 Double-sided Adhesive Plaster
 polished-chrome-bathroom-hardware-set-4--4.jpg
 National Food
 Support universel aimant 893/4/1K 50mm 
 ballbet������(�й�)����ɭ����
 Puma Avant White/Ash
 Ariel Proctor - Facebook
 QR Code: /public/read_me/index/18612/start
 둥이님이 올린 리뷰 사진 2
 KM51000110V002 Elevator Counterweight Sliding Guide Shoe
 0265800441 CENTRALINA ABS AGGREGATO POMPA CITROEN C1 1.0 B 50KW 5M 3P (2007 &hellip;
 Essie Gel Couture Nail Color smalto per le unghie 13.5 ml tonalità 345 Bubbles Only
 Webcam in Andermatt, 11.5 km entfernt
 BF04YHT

...

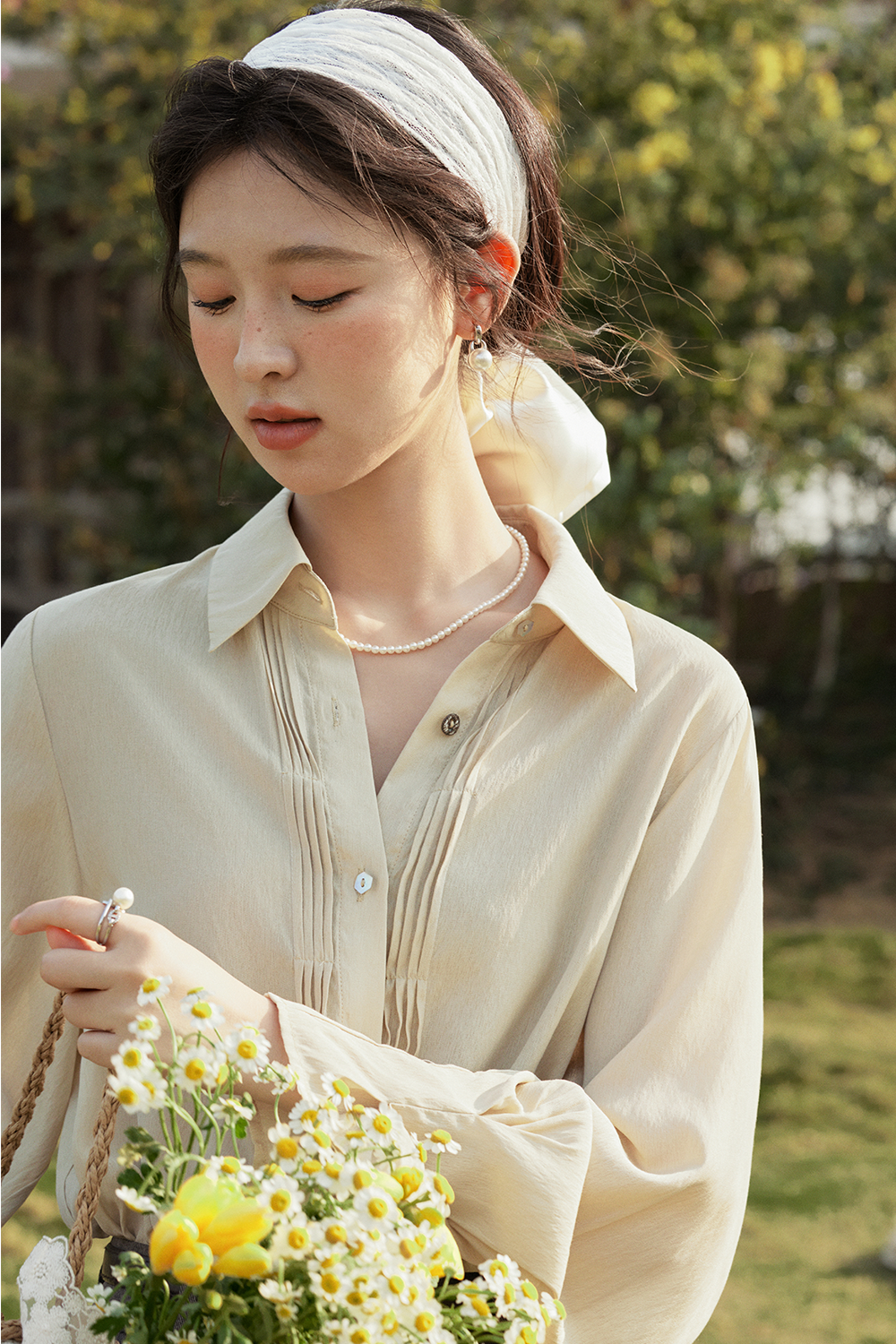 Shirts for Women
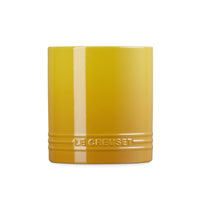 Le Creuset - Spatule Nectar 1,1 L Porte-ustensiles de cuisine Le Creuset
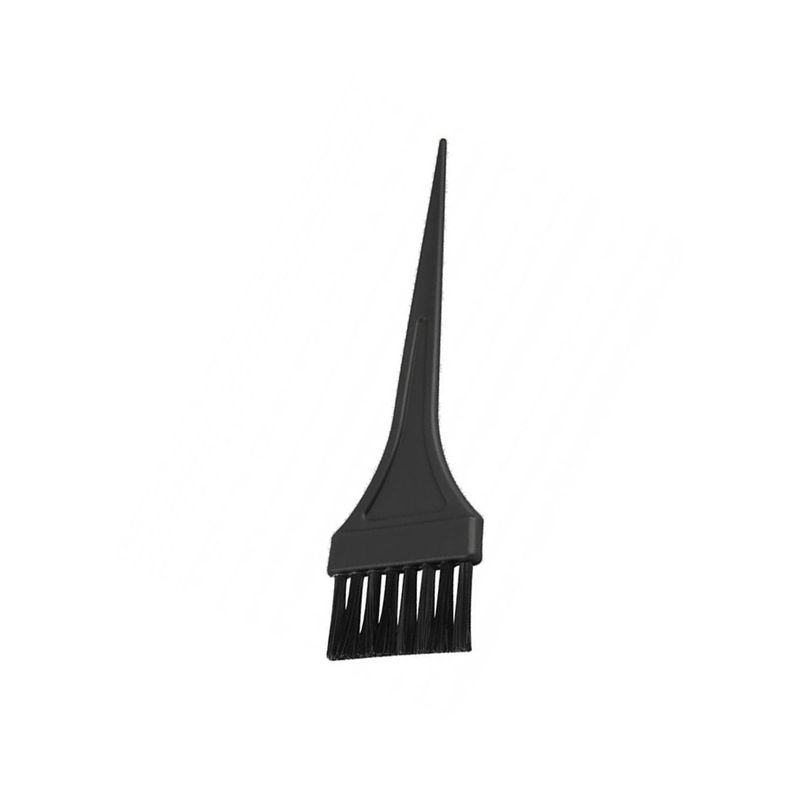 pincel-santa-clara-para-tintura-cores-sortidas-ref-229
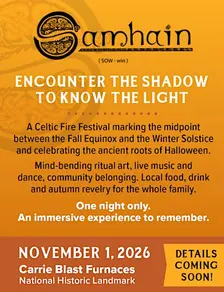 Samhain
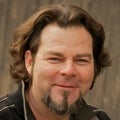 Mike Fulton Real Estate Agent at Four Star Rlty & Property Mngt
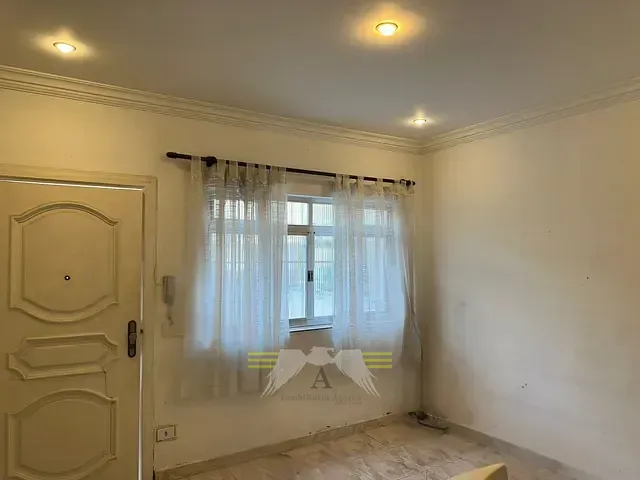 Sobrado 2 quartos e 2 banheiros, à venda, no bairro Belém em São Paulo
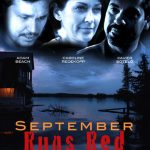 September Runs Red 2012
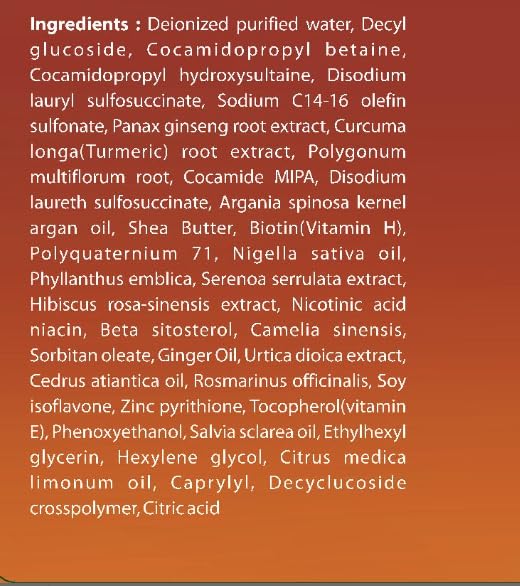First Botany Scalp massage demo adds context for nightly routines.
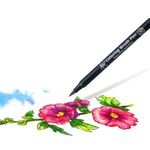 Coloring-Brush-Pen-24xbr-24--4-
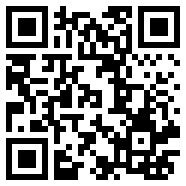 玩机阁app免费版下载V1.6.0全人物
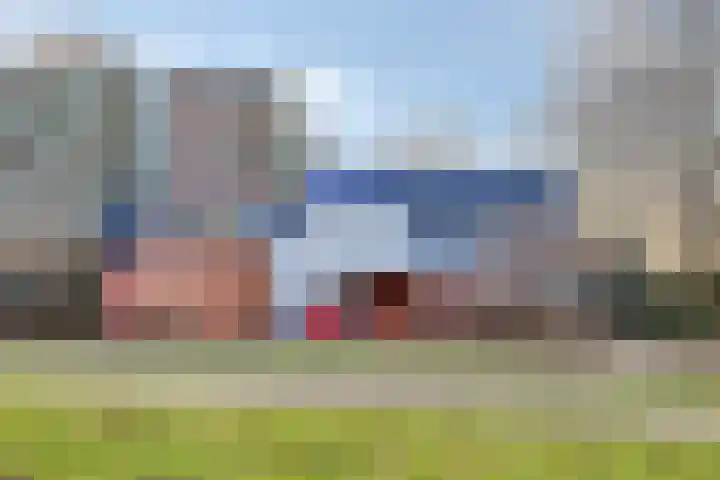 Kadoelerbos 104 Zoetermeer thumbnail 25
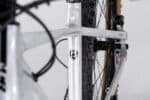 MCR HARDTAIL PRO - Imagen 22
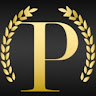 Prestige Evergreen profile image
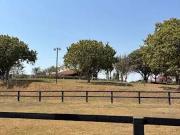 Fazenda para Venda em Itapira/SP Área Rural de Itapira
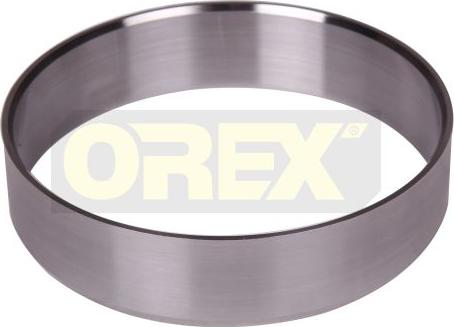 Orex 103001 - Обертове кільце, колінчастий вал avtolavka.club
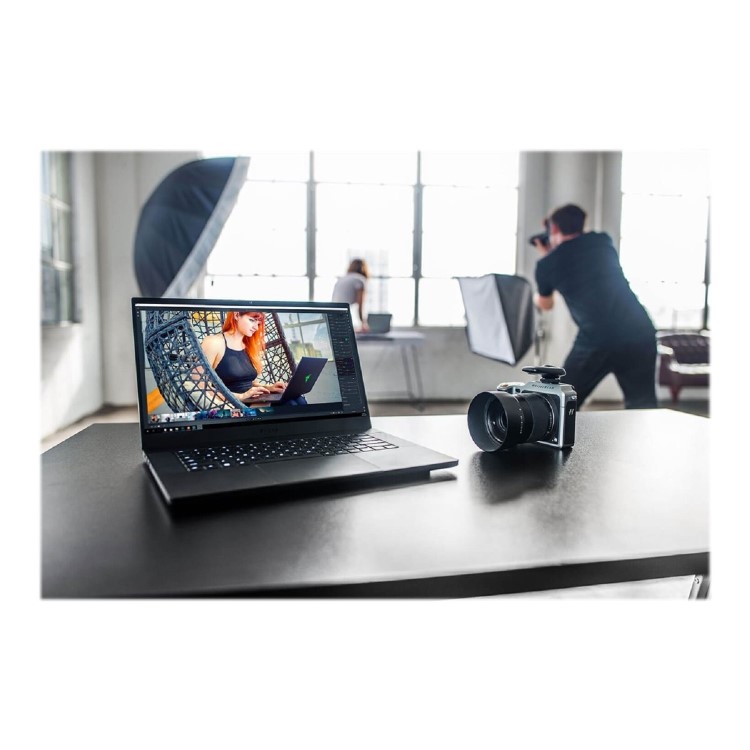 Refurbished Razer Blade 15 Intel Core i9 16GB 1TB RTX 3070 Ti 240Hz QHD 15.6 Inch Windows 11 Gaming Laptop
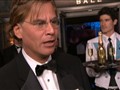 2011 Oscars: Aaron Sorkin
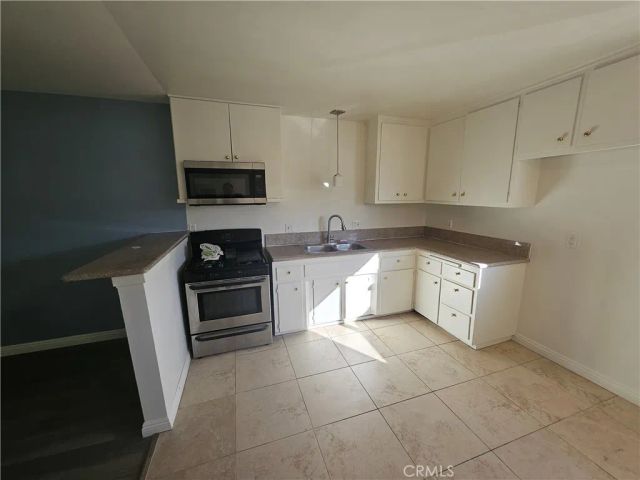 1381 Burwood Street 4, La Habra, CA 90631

--

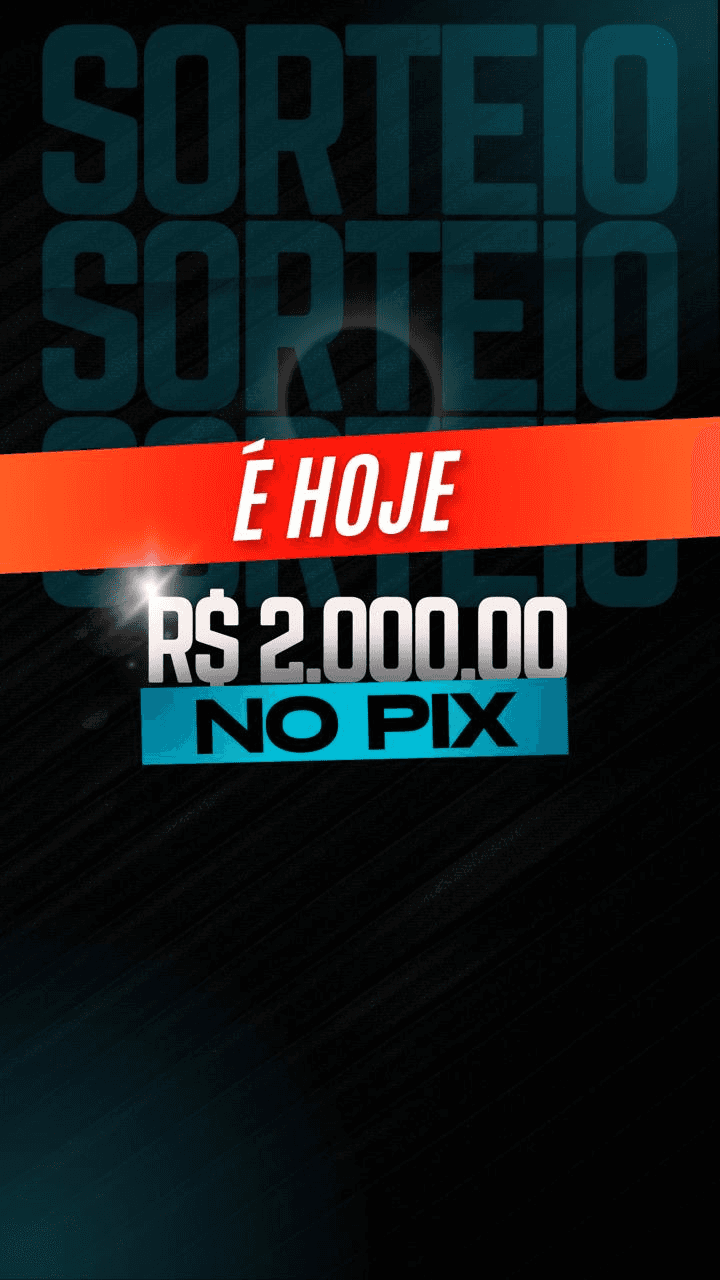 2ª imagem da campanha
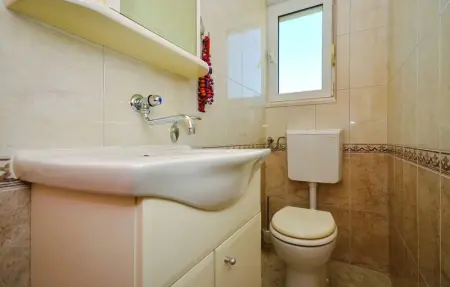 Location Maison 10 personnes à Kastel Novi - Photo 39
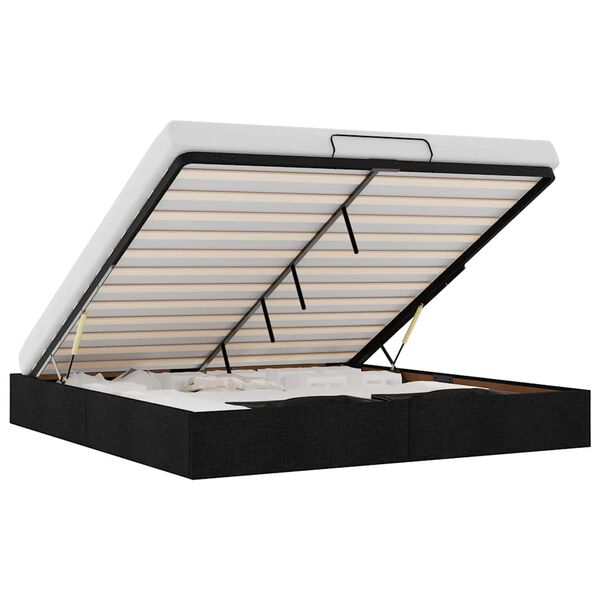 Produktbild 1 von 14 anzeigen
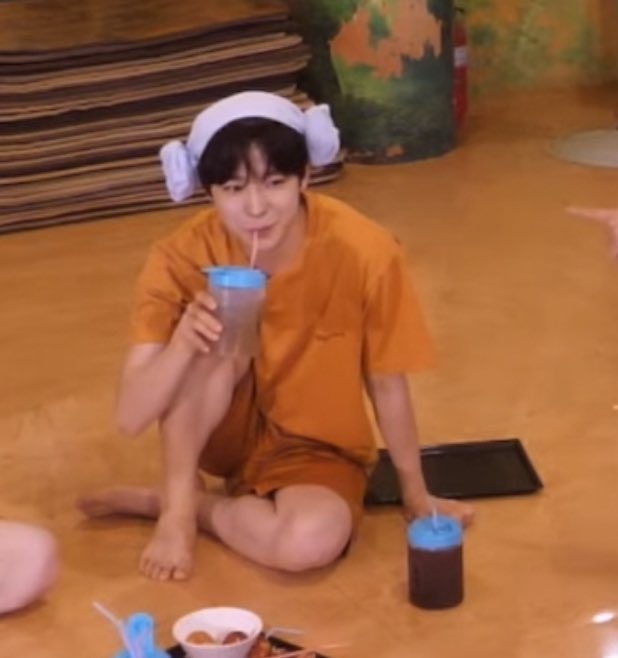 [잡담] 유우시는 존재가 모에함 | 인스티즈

■ Problem requirements ■
Write back the stretch of lines above that begins with the line holding "Produktbild 1 von 14 anzeigen" and ends with the line holding "[잡담] 유우시는 존재가 모에함 | 인스티즈", both included, exactly as written. Pictures stay out.

■ Answer to this problem ■
 Produktbild 1 von 14 anzeigen
 [잡담] 유우시는 존재가 모에함 | 인스티즈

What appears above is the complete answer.